The condition of the Coketon or Isabella Mine as noted in the 1889 Pa. Report of the Inspectors of Mines, state that the Isabella Mine was kept in very good condition, the Isabella Mine was ventilated by the exhaust steam from the pumps.

In 1890, the Isabella Mine produced 165,000 tons of coal and the coke works, containing 251 bee-hive coke ovens, produced 99,000 tons of coke.  The company employed 211 miners at Cokeville, 100 of which were miners, and forty-one men worked in the coke yards.   W. C. Grist of Blairsville served as superintendent at the company's Cokeville operations through the 1890's.

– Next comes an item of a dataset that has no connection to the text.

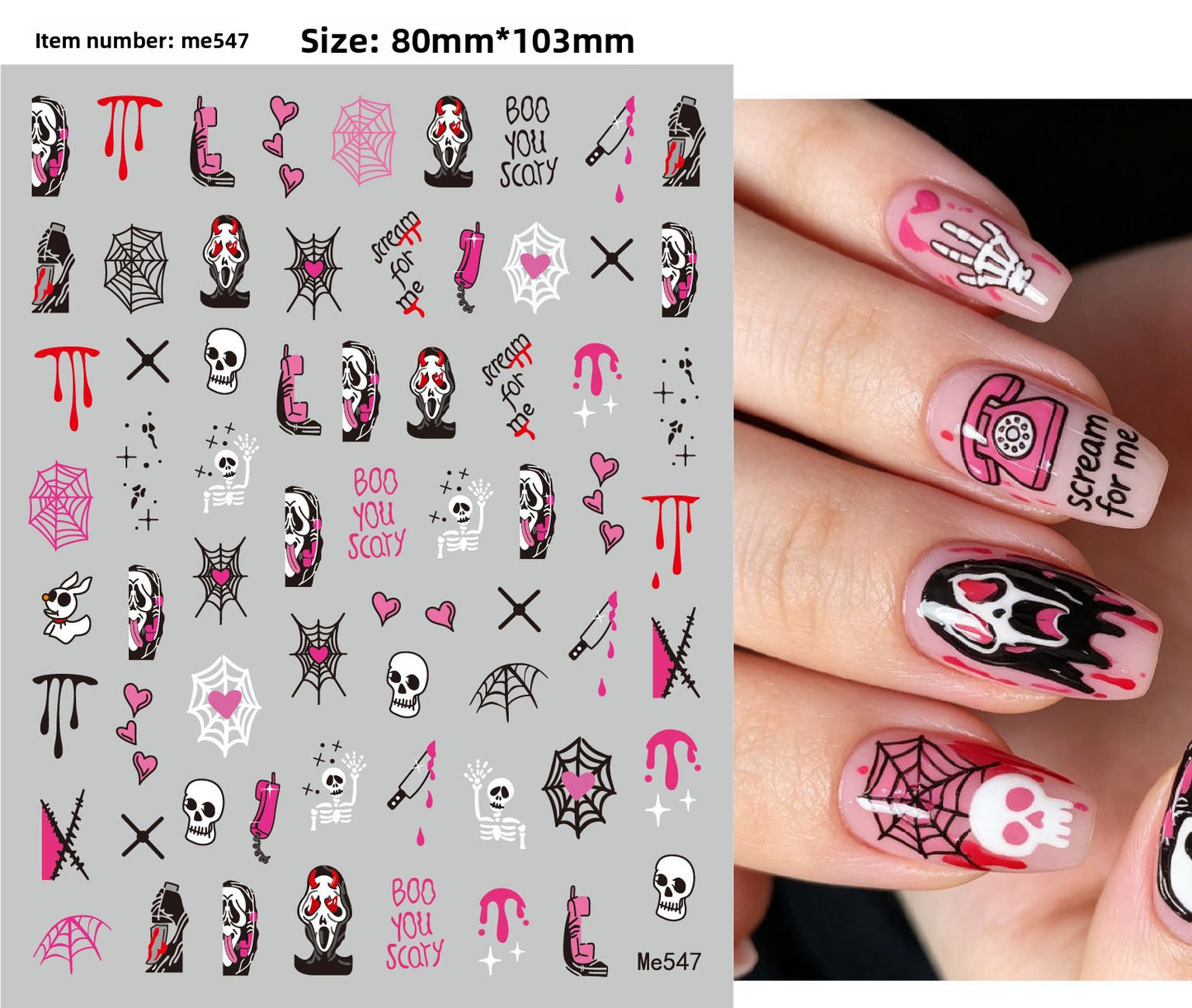 Halloween Nail Art Stickers for Spooky DIY Nail Designs - Cherished Harbor Gifts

An obituary of an accident on the Isabella Mine trestles:

March 25, 1898.  John O'Rouke, an employee of Isabella Coke Works at Cokeville, met with a fatal accident on Friday afternoon which resulted in his death Saturday evening at 8 o'clock.  The unfortunate man was assisting in building a trestle between two lines of coke ovens and in some manner lost his balance and fell to the road below, a distance of about 20 feet, landing on his head and shoulders.  He was picked up and carried to a neighboring house and Drs. Klingensmith and Rutledge of Blairsville were summoned.  Mr. O'Rouke was conscious from the time of the accident and seemed to realize the fact that he was fatally injured. The deceased is survived by two sons and a daughter.
(From the Blairsville Newspaper)

Another Accident at Cokeville Mine:

August 4, 1898.  While at work driving a Coke Company team at Cokeville yesterday morning, William Kyle fell from the wagon and received a number of severe bruises on the head and body.  Dr. J.I. Harding attended the injured man and he is getting along as well as could be expected.
(From a Blairsville Newspaper)

By ca.1900 the Isabella Mine & Coke Works property has been acquired by the American Steel Hoop Company, which had a steel works located in Etna, Allegheny County.  In ca.1900 Isabella Mine & Coke Works employed 203 miners at its Cokeville Mine, and the Isabella Mine produced 150,632 tons of coal, coke production at the Isabella Coke Works for ca.1900 was 87,419 tons of coke.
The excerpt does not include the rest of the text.